Task statement => The first line of the entries through the line bearing "Recherche de gris chat cartes visite Tabby": copy these lines exactly and return nothing else.

(Data records)
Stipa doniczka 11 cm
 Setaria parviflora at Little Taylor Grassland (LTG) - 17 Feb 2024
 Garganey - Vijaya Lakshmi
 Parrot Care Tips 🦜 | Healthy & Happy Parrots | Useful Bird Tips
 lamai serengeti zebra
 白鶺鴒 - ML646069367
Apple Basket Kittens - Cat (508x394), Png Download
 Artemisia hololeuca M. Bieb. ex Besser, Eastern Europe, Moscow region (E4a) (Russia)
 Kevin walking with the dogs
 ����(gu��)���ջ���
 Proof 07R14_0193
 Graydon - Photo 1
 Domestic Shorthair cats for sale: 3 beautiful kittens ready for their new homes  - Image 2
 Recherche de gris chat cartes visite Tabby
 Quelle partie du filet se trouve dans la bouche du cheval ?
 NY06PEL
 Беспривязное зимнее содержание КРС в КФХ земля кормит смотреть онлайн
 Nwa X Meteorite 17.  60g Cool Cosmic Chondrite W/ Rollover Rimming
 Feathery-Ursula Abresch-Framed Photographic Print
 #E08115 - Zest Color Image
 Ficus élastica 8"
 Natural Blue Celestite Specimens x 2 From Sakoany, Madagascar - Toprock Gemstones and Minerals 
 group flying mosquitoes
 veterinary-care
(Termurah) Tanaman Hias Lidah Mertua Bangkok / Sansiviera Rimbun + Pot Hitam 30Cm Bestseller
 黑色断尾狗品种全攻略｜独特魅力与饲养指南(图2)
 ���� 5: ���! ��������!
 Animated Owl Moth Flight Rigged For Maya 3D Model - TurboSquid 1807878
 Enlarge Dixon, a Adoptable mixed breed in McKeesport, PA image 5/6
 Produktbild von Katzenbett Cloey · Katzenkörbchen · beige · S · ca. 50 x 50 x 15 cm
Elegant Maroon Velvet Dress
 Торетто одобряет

Solution to this task =>
Stipa doniczka 11 cm
 Setaria parviflora at Little Taylor Grassland (LTG) - 17 Feb 2024
 Garganey - Vijaya Lakshmi
 Parrot Care Tips 🦜 | Healthy & Happy Parrots | Useful Bird Tips
 lamai serengeti zebra
 白鶺鴒 - ML646069367
Apple Basket Kittens - Cat (508x394), Png Download
 Artemisia hololeuca M. Bieb. ex Besser, Eastern Europe, Moscow region (E4a) (Russia)
 Kevin walking with the dogs
 ����(gu��)���ջ���
 Proof 07R14_0193
 Graydon - Photo 1
 Domestic Shorthair cats for sale: 3 beautiful kittens ready for their new homes  - Image 2
 Recherche de gris chat cartes visite Tabby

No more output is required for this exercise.